At least 67 people died Sunday in Nepal in the deadliest air disaster in three decades in the Himalayan country.
Authorities said 72 people — 68 passengers, including six children, and all four crew members — were on board the twin-engine turboprop plane, which plunged into a steep gorge, broke into numerous pieces and caught fire.
Five of them are still missing.
This Yeti Airlines ATR 72 from the Nepalese capital Kathmandu crashed shortly before 11:00 a.m. (12:15 a.m. Eastern time) near the local airport in Pokhara, central Nepal, where it was due to land. .
The carcass of the burning aircraft was found at the bottom of a 300 meter deep ravine located between this former airport created in 1958 and the new international terminal opened on January 1 in this city which is a gateway for pilgrims and trekkers all over the world.
In the evening, amid the charred vegetation, soldiers were extracting corpses from the scattered debris of the ATR using ropes and stretchers, noted a journalist from Agence France-Presse (AFP).
like a bomb
“We are actively working to recover and identify the bodies as quickly as possible and hand them over to the families,” police official AK Chhetri told AFP.
A representative of the local authorities had previously assured that “some survivors” had been taken to hospital, but this information has not been confirmed by Yeti Airlines or other officials.
Sudarshan Bartaula, the airline’s spokesperson, told AFP that 15 foreigners were on board the plane: five Indians, four Russians, two South Koreans and four passengers from Argentina, respectively. from Australia, France and Ireland. The others were Nepalese.
In a press release dated from Toulouse, in the south-west of France, ATR, the manufacturer of the aircraft, specified that it was about an ATR 72-500, adding that its specialists were “fully committed to support both the inquiry and the customer,” Yeti Airlines.
In a video shared on social media that AFP could not verify, the plane is seen flying low over a residential area before suddenly banking to the left, all followed by a powerful explosion.
“I was walking when I heard a loud explosion, as if a bomb had exploded,” Arun Tamu, a 44-year-old witness to the scene, told AFP, who was about 500 meters from the scene. impact and posted live video of the burning wreckage on social media.
Growth of air transport
“A few of us rushed to see if we could save anyone. I saw that at least two women were breathing. The fire was getting very intense and it was difficult for us to get any closer,” the former soldier continued.
Rescuers rushed to the site in an attempt to put out several raging fires that were billowing thick black smoke.
It is the deadliest air disaster in three decades in Nepal.
In 1992, 167 people aboard a Pakistan International Airlines plane died in a crash approaching Kathmandu. Two months earlier, a Thai Airways accident killed 113 people near the same airport.

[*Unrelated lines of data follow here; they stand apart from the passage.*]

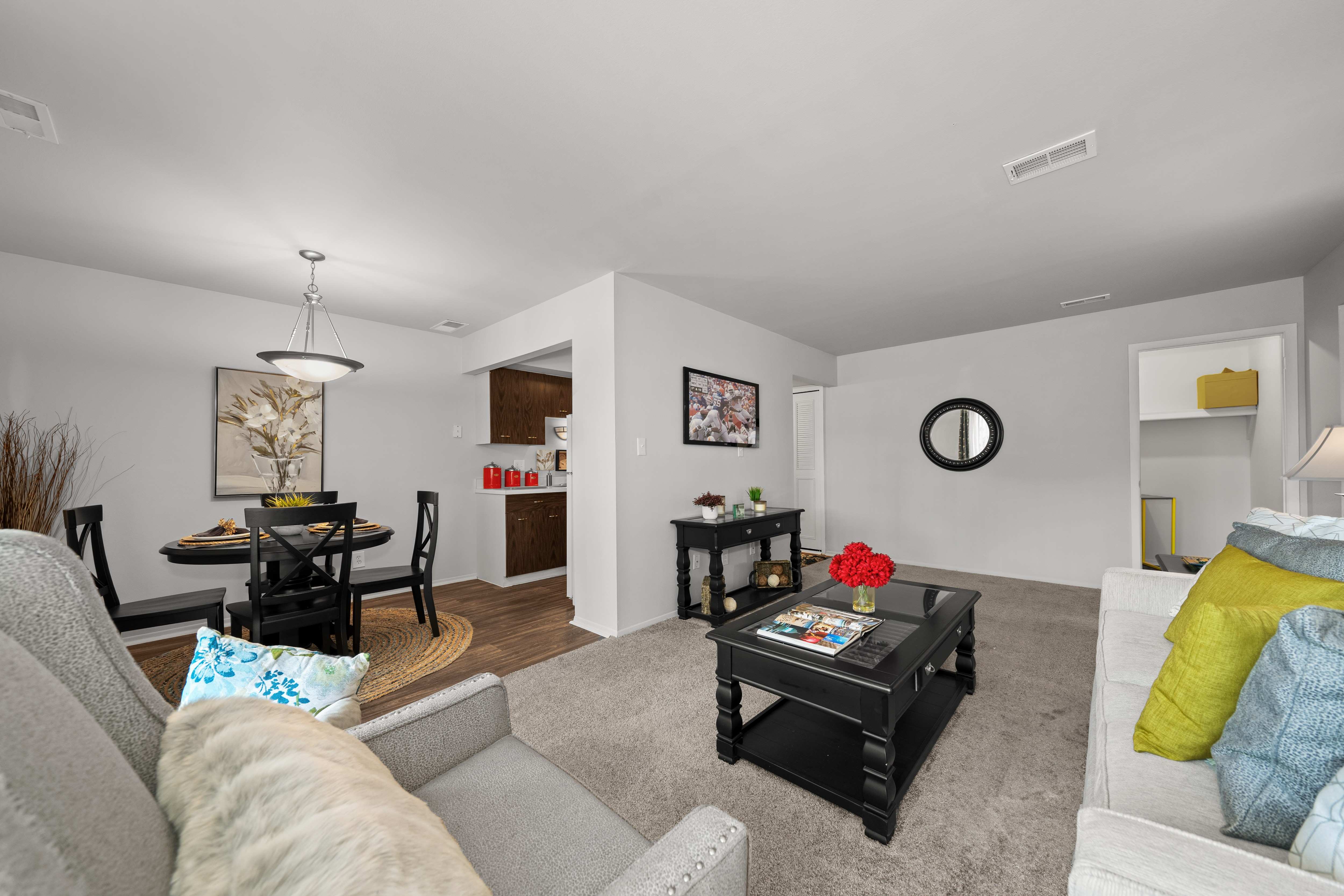 Open and airy living room with natural lighting at Knottingham Apartments in Clinton Township, MI.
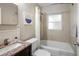 Cozy bathroom featuring a granite-topped sink and a shower-tub combo at 1584 Carroll Nw Dr, Atlanta, GA 30318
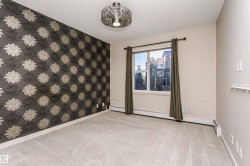 Patterned accent wall, neutral wall paint, ceiling-mounted light fixture, window with drapes, and carpeted flooring - 
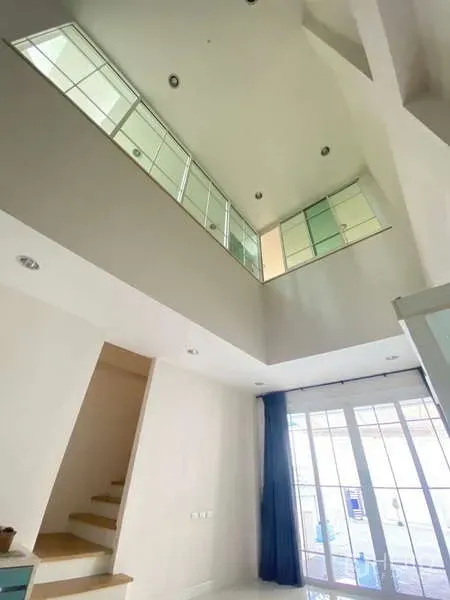 Home Office for rent or sale - Atrium view to the mezzanine with large interior windows and adjacent staircase.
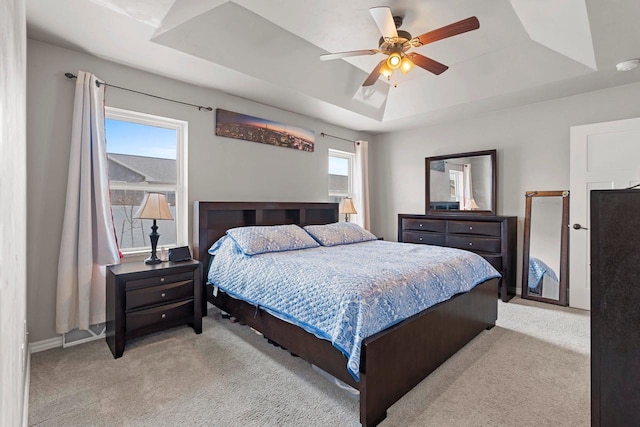 830 Roth Rd, De Pere, WI 54115 - carpeted bedroom with ceiling fan, baseboards, and a tray ceiling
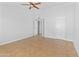 Bedroom featuring neutral paint, ceiling fan, and access to additional rooms at 6908 W Sierra St, Peoria, AZ 85345
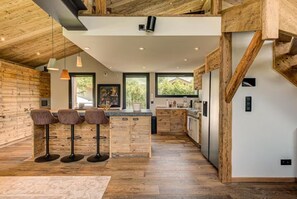 A modern kitchen with wooden accents, a bar area with stools, and large windows. - Beautiful chalet in heart of Chamonix sleeps 8-10, 4 bed/4 bath (+king sofa bed) (Chamonix-Mont-Blanc)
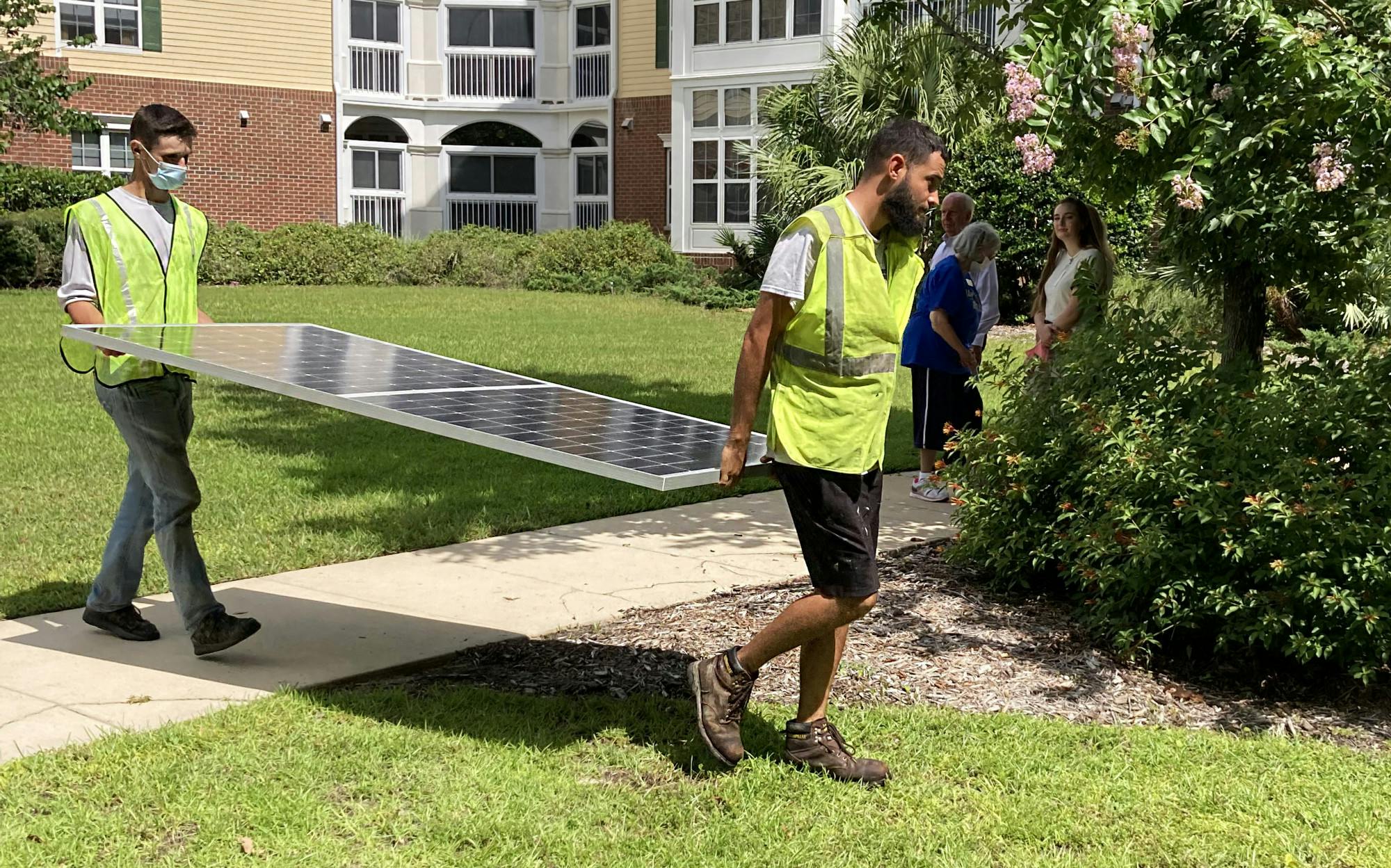 Workers lift up the first solar panel installed on the rooftops of Oak Hammock at the University of Florida on Tuesday, July 20, 2021.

Nepal’s air transport sector has boomed in recent years, with aircraft ferrying goods and people to hard-to-reach areas, as well as trekkers and foreign mountaineers.
But it suffered from insufficient pilot training and maintenance.
Isolated slopes and changeable weather
The European Union has banned all Nepalese carriers from accessing its airspace for security reasons.
Nepal also has some of the most remote and tricky trails in the world, flanked by snow-capped peaks that challenge even seasoned pilots to approach.
Aircraft operators say Nepal lacks the infrastructure to make accurate weather forecasts, especially in remote areas with rugged mountainous terrain where fatal crashes have occurred in the past.
The weather also changes rapidly in the mountains, creating even more challenging flying conditions.
In May 2022, the 22 people who were on board a twin-engine Twin Otter operated by the Nepalese company Tara Air – 16 Nepalese, four Indians and two Germans – died when the aircraft crashed shortly after takeoff from Pokhara. Its wreckage was found a day later, on the side of a mountain at an altitude of about 4400 meters.
Following this tragedy, the authorities tightened the regulations, in particular so that the planes are only allowed to fly if the weather forecast is favorable throughout the journey.